🤖 AI Summary
Existing parameter-free stochastic optimization methods still rely on prior bounds of problem-specific parameters, hindering truly assumption-free optimization. This work proposes Grasp, a universal framework that integrates self-bounding analysis to automatically determine the parameter search range, thereby achieving the first fully prior-knowledge-free stochastic optimization algorithm. The method enjoys near-optimal convergence guarantees in both non-convex and convex settings: in the non-convex case, it attains the optimal convergence rate up to logarithmic factors, while in the convex case, it simultaneously achieves acceleration and universality. Furthermore, by modeling interpolation variance, the approach provides novel theoretical guarantees for model ensembling, matching the performance of existing methods that require meticulous hyperparameter tuning.
📝 Abstract
Parameter-free stochastic optimization aims to design algorithms that are agnostic to the underlying problem parameters while still achieving convergence rates competitive with optimally tuned methods. While some parameter-free methods do not require the specific values of the problem parameters, they still rely on prior knowledge, such as the lower or upper bounds of them.
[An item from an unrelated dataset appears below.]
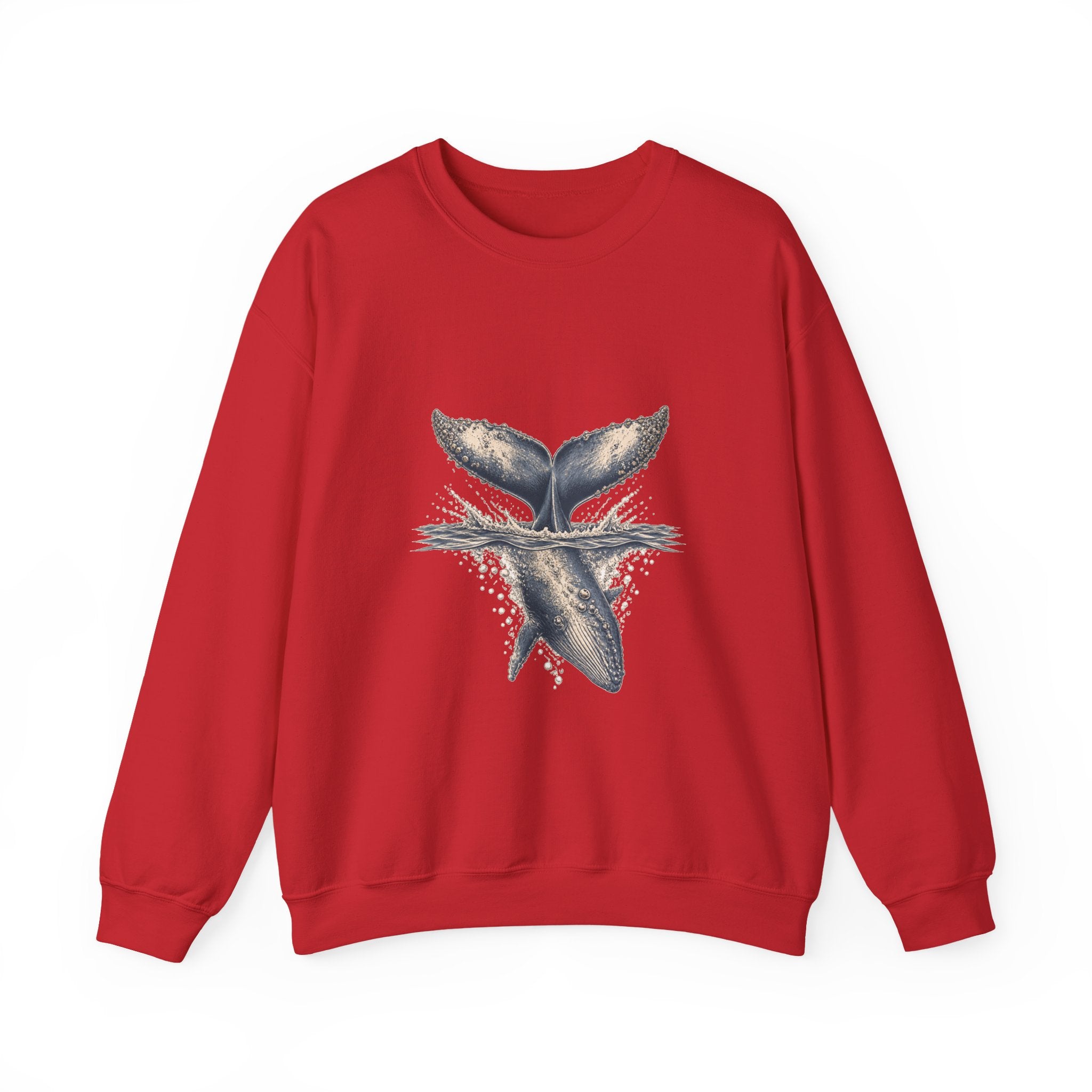 Matching Couple Sweatshirt - Eagle & Whale Matching Couple Crewneck Sweatshirt Hand-Drawn Art His Hers Best Friend Gift - Design B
We refer to such methods as ``partially parameter-free''. In this work, we target achieving ``fully parameter-free'' methods, i.e., the algorithmic inputs do not need to satisfy any unverifiable condition related to the true problem parameters. We propose a powerful and general grid search framework, named \textsc{Grasp}, with a novel self-bounding analysis technique that effectively determines the search ranges of parameters, in contrast to previous work. Our method demonstrates generality in: (i) the non-convex case, where we propose a fully parameter-free method that achieves near-optimal convergence rate, up to logarithmic factors; (ii) the convex case, where our parameter-free methods are competitive with strong performance in terms of acceleration and universality. Finally, we contribute a sharper guarantee for the model ensemble, a final step of the grid search framework, under interpolated variance characterization.